Health poverty is the challenge; Labour is the disability!

‘Two-Tier Kier’ is no longer a smear following the compromise made with his back benchers to only do over one section of disabled people in the UK.

Like some inverse promo for loan deals or Internet packages, the government will lay off existing disability claims in exchange for duffing up people with the new ones.    ‘Get it while it lasts – new customers only.’  *Although a relevant change of circumstances such as a change in your condition classes you as a “new claim” and therefore under the new rules.

Despite it being only five years since the worst global pandemic in a century affected half the UK population killing quarter of 1 million, the government proclaimed its surprise that the numbers of people with long-term health issues have increased at all since 2020. Another example of them paying zero attention to people they would rather clap than pay during the pandemic.

That fatigue, respiratory issues and depression are running riot apparently has no link to what an ill-prepared society and our class had to survive under their watch. 

That the scale of benefits is so high, if nothing else, tells us what an unhealthy ‘shitpit’ surviving capitalism is.

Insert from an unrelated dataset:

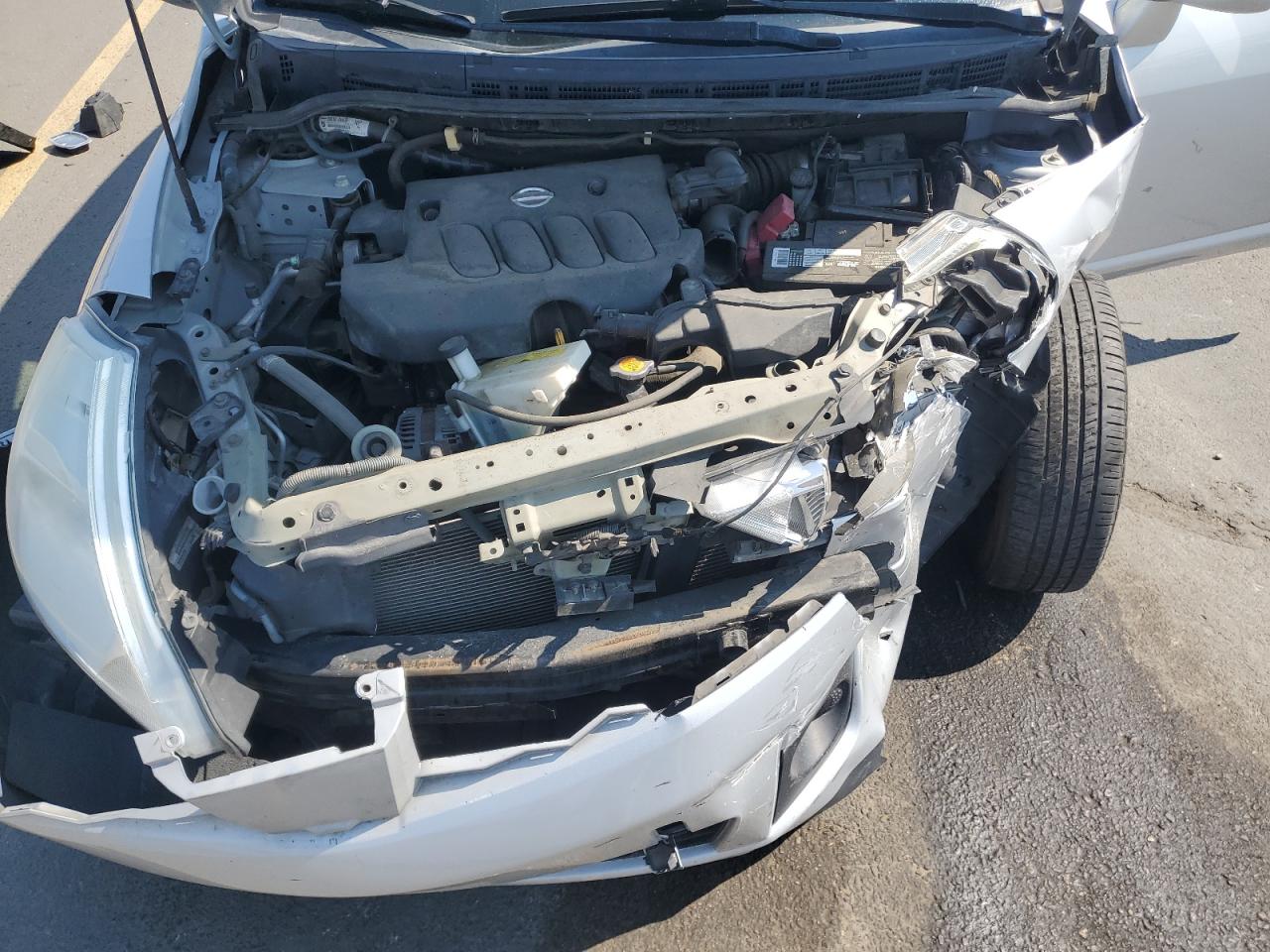 Nissan Versa S Image 12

Ironically, maybe only a Labour government masquerading as the people’s friend could carry out such an assault on such vulnerable groups and hope to get away with it.

The financial reasoning of such decisions is of no interest to us as revolutionists. The well-being of our class versus the protection of the interests of the rich and their wars is always a political decision and, as such, we find no justification ever in the latter outcome. Democracy serves us no better than dictatorship on this.

It is however another irony that a decision driven by the desire to send us to war and increase the manufacture of disability is to be funded by the starving of the existing disabled communities.

We saw such a strategy fail already in the plan to cut winter fuel payments.  While at first glance significantly different demographics, there are some striking similarities: Both ‘passive’ recipients of hard fought for state benefits – though now deemed less entitled; both largely seen as passive politically – physically limited and without economic muscle.  Consequently, both are not just seen as vulnerable but beatable. 

What the state failed to notice is that elder people and people with disabilities are not discreet entities like trans people, migrants, or asylum seekers, but diversely dispersed throughout every house and community in the country. Embedded enough for every sinew of our class to scream no!

That such opposition to injustice can be seen and shared on such a widespread level needs extension to those truly vulnerable communities made invisible by prejudice. The lesson of the response to disability and the elder community should be extended to every section of our class because we are all targets for elimination to facilitate and finance the coming war.

Division is diversion! Labour didn’t invent that.  The state requires all its political representatives to divide our class in whatever way it can to divert us from seeing the importance of our unity in our struggle against it. 

At times it tries to get us to participate in this by ‘othering’ the other dispossessed of our class, on race, gender, origin, sexuality etc.  Each time we fall for this ruse we widen the opening of the avenue of attack back to the main targets of class and vulnerability in all its diverse forms again. 

Racism breeds attack on disability, disability discrimination breeds attack on our class made workless by capitalism, et cetera.  The cycle of division and defeat begins and ends with the ‘isms’ and the targeting of difference.

The partial defeat of Labour in power was led by activist mobilisation and opposition of our class. The scale was small but indicative of potential. To upscale we need to link struggles of one community with another and identify the ultimate challenges that confront us – growing austerity and impoverishment to meet the war aims of the state’s imperial ambition. 

Hunger and austerity are about war and our opposition must oppose war with the energy it refuses division and poverty.  Resistance, survival and victory are both the right and obligation of our class.  It is our necessity not just to survive from day to day but to abolish an economic class system that offers us no better way of survival. 

The class struggle is the peace movement, and victory on the Homefront is its defeat of their plans for war!